ScrubJay uses a semantic language to define how to load datasets, how to transform them, what they contain, and properties of the dimensions over which they are defined.

DataSpace

A DataSpace describes the datasets and dimensions available for ScrubJay to derive new datasets from. Every ScrubJay query must be made in the context of a DataSpace.

DataSpaces do not actually encode the data, but rather definitions called DatasetID instances that describe how to create the data. The dimensions of a DataSpace are defined as a single dimensionspace . DatasetID columns each have an associated dimension in the DimensionSpace, and ScrubJay uses this information to compare different columns to one another.

Domains and Values

When data is collected, some entity is being measured, and some measurement is being made. For example, a thermometer measures temperature at some time and place. We define the entity being measured (the time and place) as the domain, and the measurement itself (the temperature) as the value.

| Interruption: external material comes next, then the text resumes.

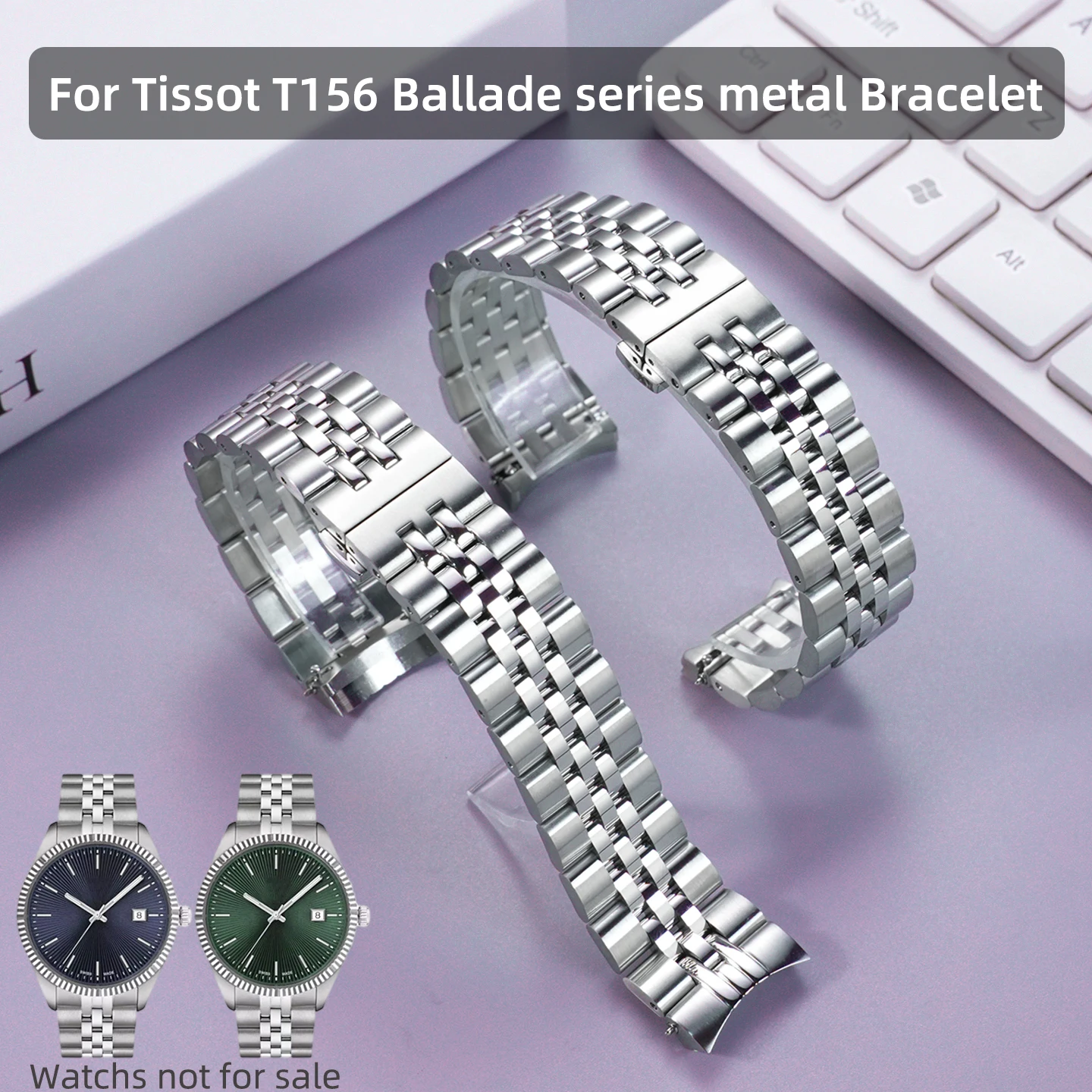 

Браслет с изогнутым концом T156 для часов Tissot Ballade Series T156 407, T156.408, T156.410, металлический ремешок из нержавеющей стали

Each column in a DatasetID must be defined as either a domain or a value column. This way, ScrubJay can determine whether two different measurements are measuring the same entity.

DatasetID

A DatasetID identifies how to create data from one or more sources. An “original” DatasetID describes how to load data from a single source (e.g., a CSV file or database table), without performing any transformations, and a “derived” DatasetID describes how to derive a DatasetID from one or more original DatasetIDs and one or more transformations (e.g., join operations).

Every DatasetID contains the following fields:

type
For an original DatasetID, this describes the type of source, e.g., CSVDatasetID. For a derived DatasetID, this describes the type of derivation, e.g., join.
sparkSchema
The low-level Spark schema of the data, describing data types of each column, e.g. int, array<string>
scrubJaySchema
The high-level ScrubJay schema of the data, describing the dimensions and units of columns, as well as whether each column represents a domain or a value (see Domains and Values).

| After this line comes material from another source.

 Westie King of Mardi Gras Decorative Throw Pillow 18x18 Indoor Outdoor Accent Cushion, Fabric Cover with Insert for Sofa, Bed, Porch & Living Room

Different types of DatasetIDs contain additional parameters. For example, a CSVDatasetID contains the path of the CSV file. Derived DatasetIDs contain parameters for transformations as well. .. _dimensionspace:

DimensionSpace

A DimensionSpace specifies a set of dimensions and their properties. Each dimension contains the fields:

name
A uniquely identifying name for the dimension.
ordered
Whether the dimension has an ordering, such that there is a less-than relation between two points on that dimension.
continuous
Whether the dimension is continuous, i.e., there always exists another point between any two points on that dimension.